Tales from Margaritaville
- First edition cover
- Author: Jimmy Buffett
- Genre: Short story collection
- Publisher: Harcourt Brace Jovanovich
- Publication date: September 1, 1989

= Tales from Margaritaville =

Book by Jimmy Buffett

Tales from Margaritaville is a 1989 short story collection by American singer Jimmy Buffett.
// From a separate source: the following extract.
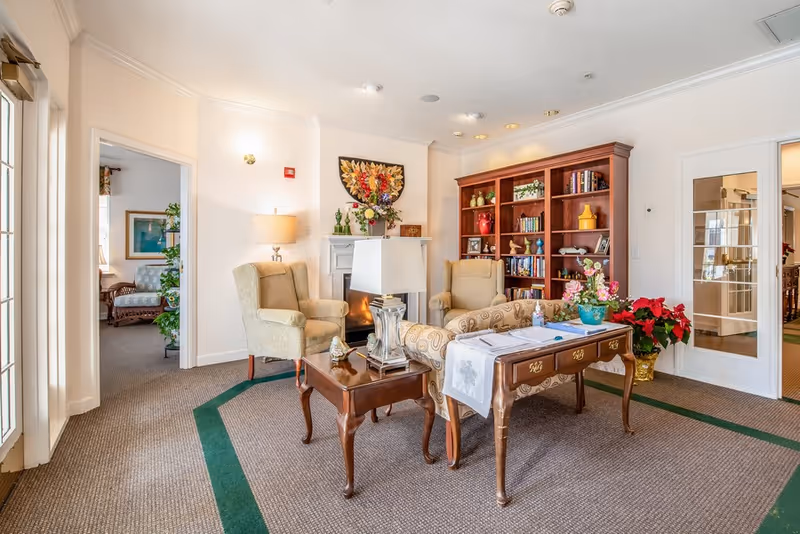 Well-lit communal sitting area with upholstered armchairs, wooden tables, a bookshelf, and floral decorations.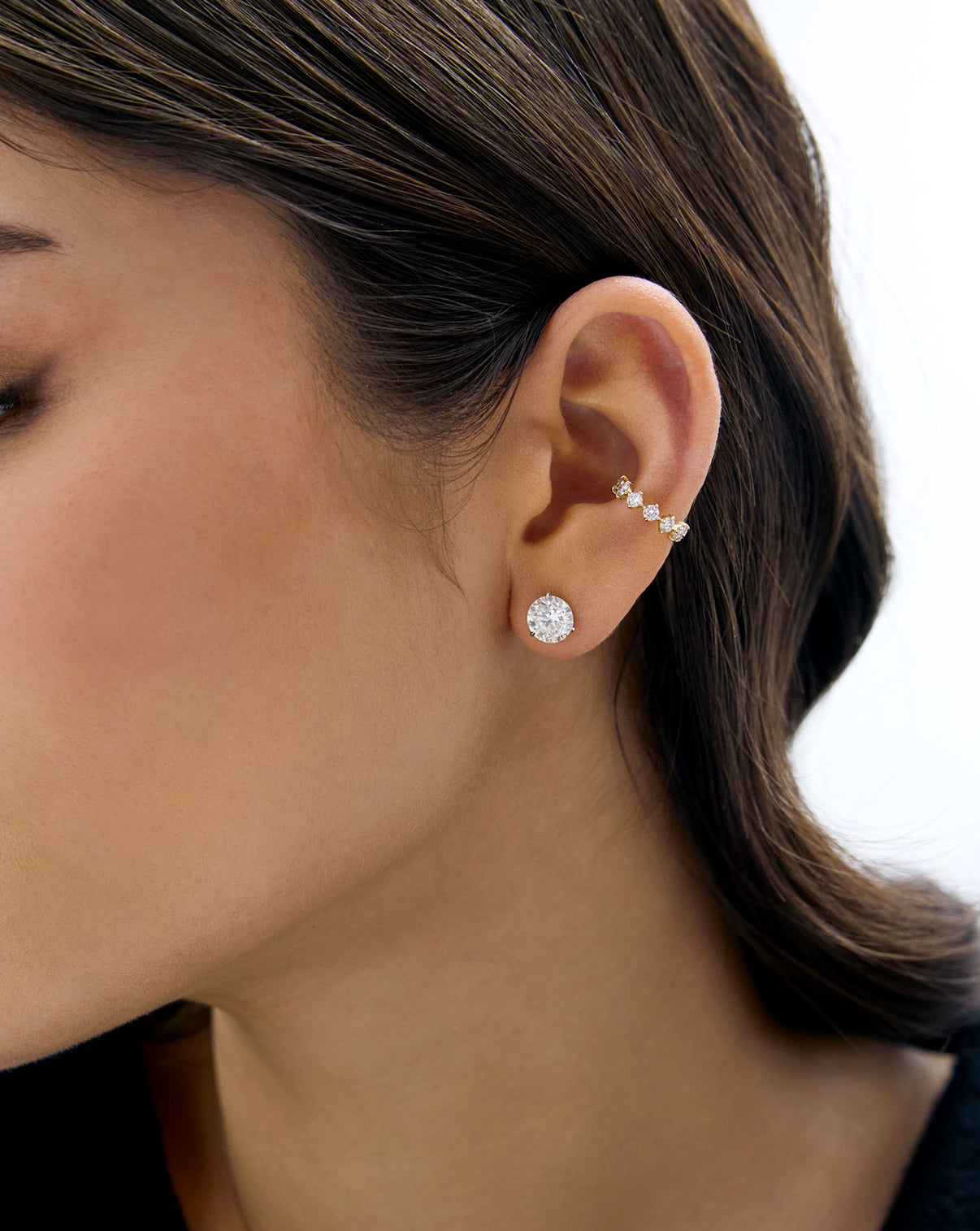 model wearing Starlight Lab Diamond Ear Cuff styled with a round diamond stud earring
The book is broken up into an introduction and three sections, each containing several short stories.

An Introduction: Changes in Latitude contains "Walkabout" and "Where is Margaritaville?", the later designed to answer a question Buffett says that he is frequently asked.

The Heat Wave Chronicles contains six short stories, all based in the mythical town of Heat Wave, Alabama, on the also mythical island of Snake Bite Key. "Take Another Road", "Off to See the Lizard", "Boomerang Love", "The Swamp Creature Let One In", "The Pascagoula Run", and "I Wish Lunch Could Last Forever" comprise the Heat Wave Chronicles. Five of these short stories are also song titles on Buffett's Off to See the Lizard album.

Margaritian Madness contains "You Can't Take It With You" and "Are You Ready for Freddy?"

Son of a Son of a Sailor contains the stories "Hooked in the Heart", "Life in the Food Chain", "A Gift for the Buccaneer", and "Sometimes I Feel like a Rudderless Child".

==Reception==
Tales from Margaritaville sold over 120,000 copies and made its way onto the New York Times Best Seller list, where it stayed for seven months. Kirkus Reviews described the collection as "mainly good-natured paeans to sailing, hedonism, and memorable acquaintances."